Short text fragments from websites
-- Opening Marker --

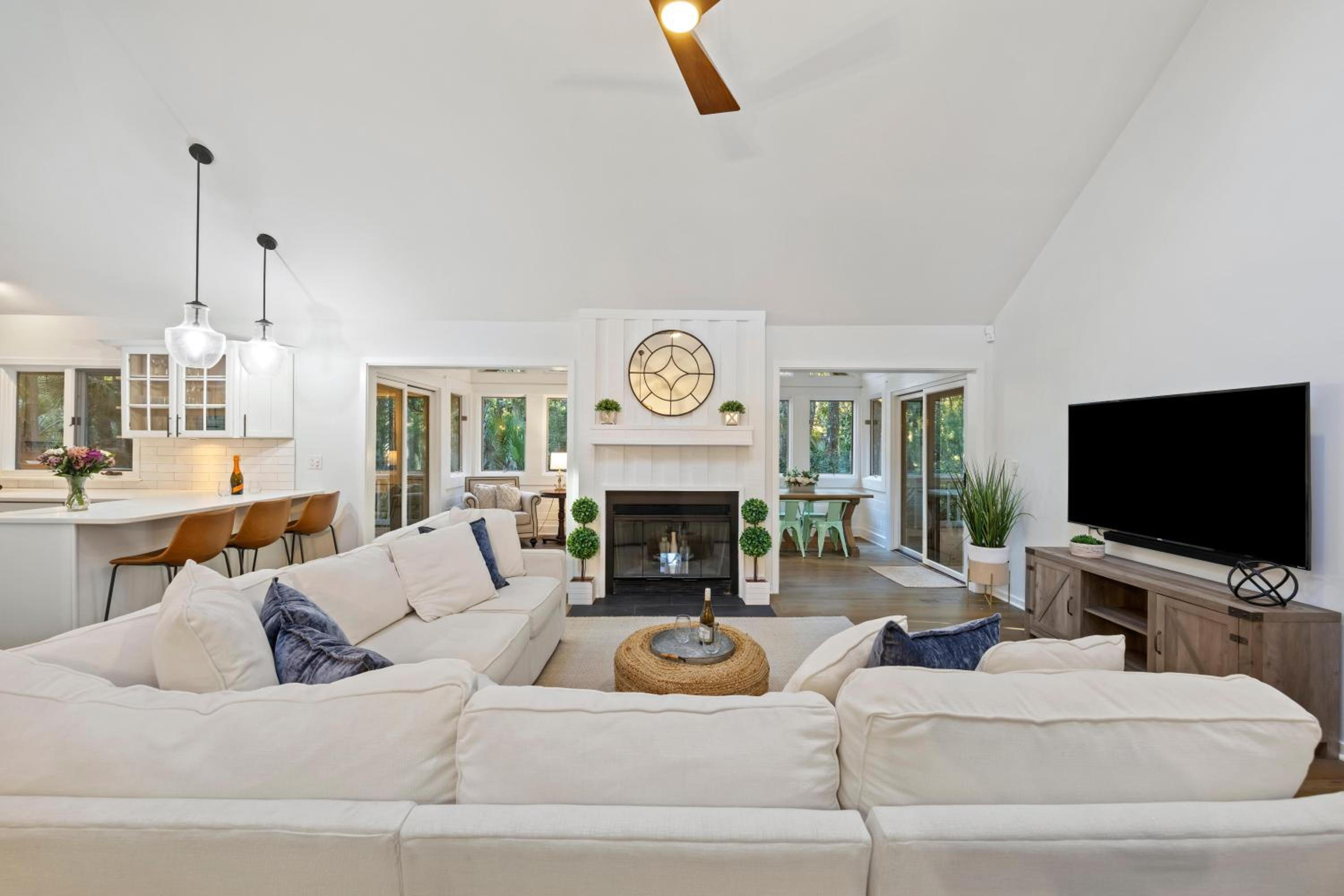 SI2995: 2995 Seabrook Island Rd. view 5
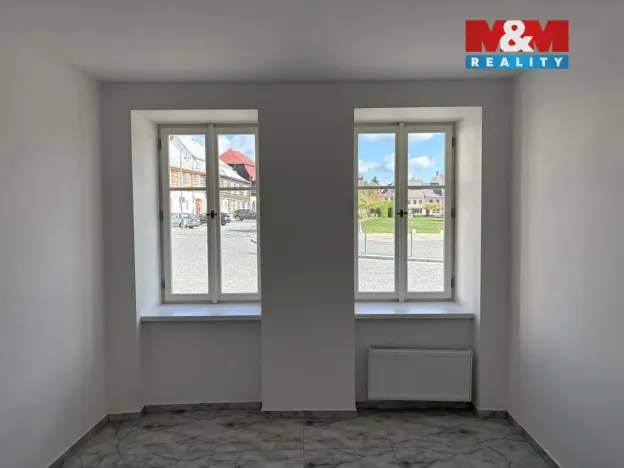 Pronájem bytu 3+kk, Bělá pod Bezdězem, Masarykovo náměstí, 80 m2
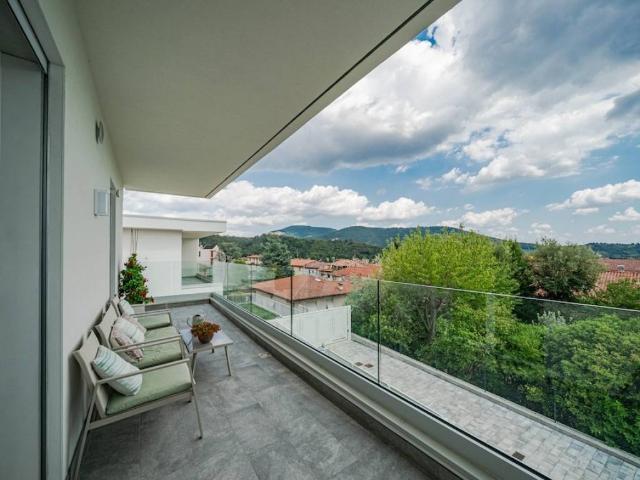 Appartamento in vendita a Botticino, Lombardia
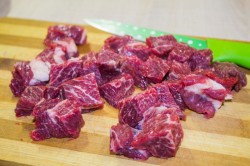 Соус с мясом и картошкой - шаг 2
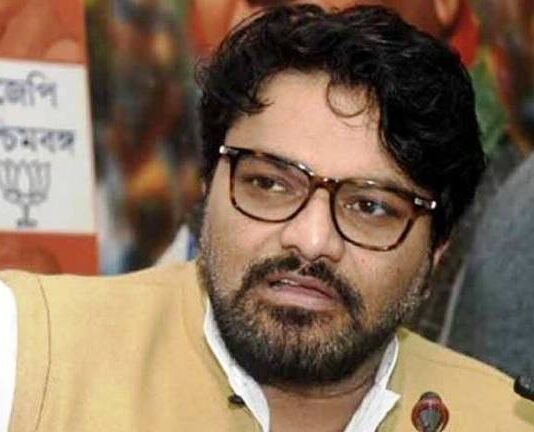 बाबुल सुप्रियो ने किया राजनीति से संन्यास लेने का ऐलान, बीजेपी को लेकर भी बताई मन की बात बाबुल सुप्रियो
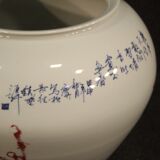 Chinese vase in painted ceramic with flowers and animals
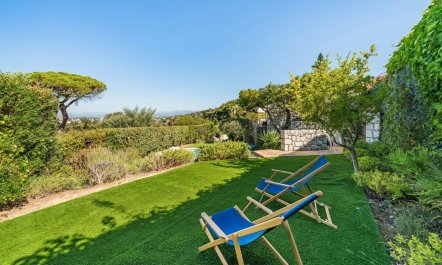 Sunny French Haven 4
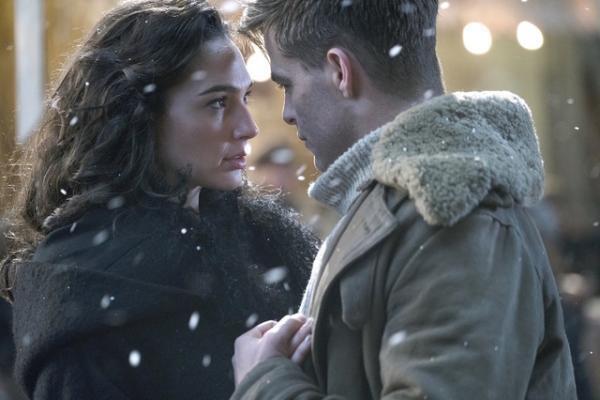 ワンダーウーマンを成長させた「美しくて切ないラブストーリー」に注目！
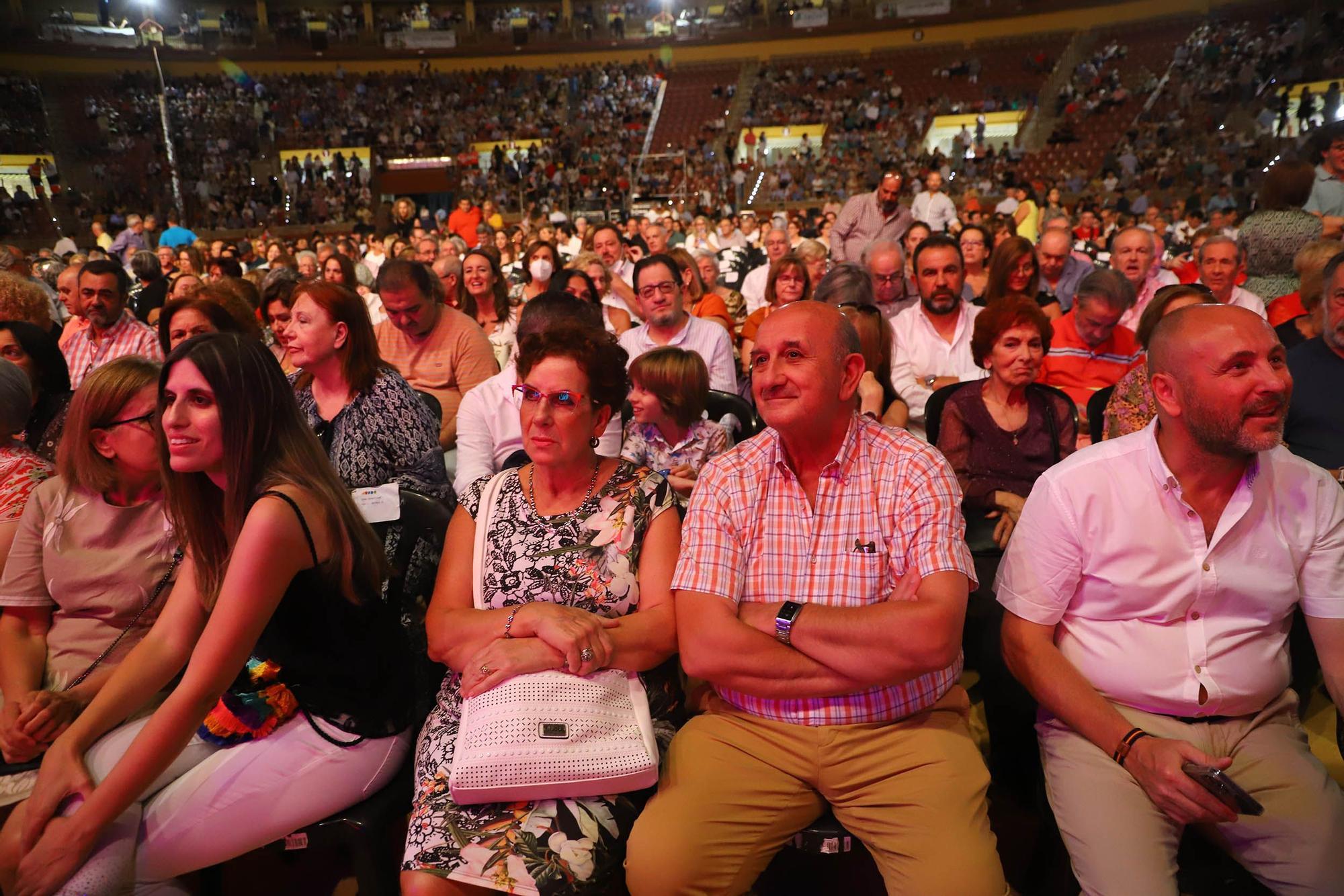 Córdoba disfruta con un Raphael incombustible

-- Closing Marker --

Nothing but the lines from the one that contains "ワンダーウーマンを成長させた「美しくて切ないラブストーリー」に注目！" through the last line of the records belongs in the answer, reproduced exactly, with no pictures.

 ワンダーウーマンを成長させた「美しくて切ないラブストーリー」に注目！
 Córdoba disfruta con un Raphael incombustible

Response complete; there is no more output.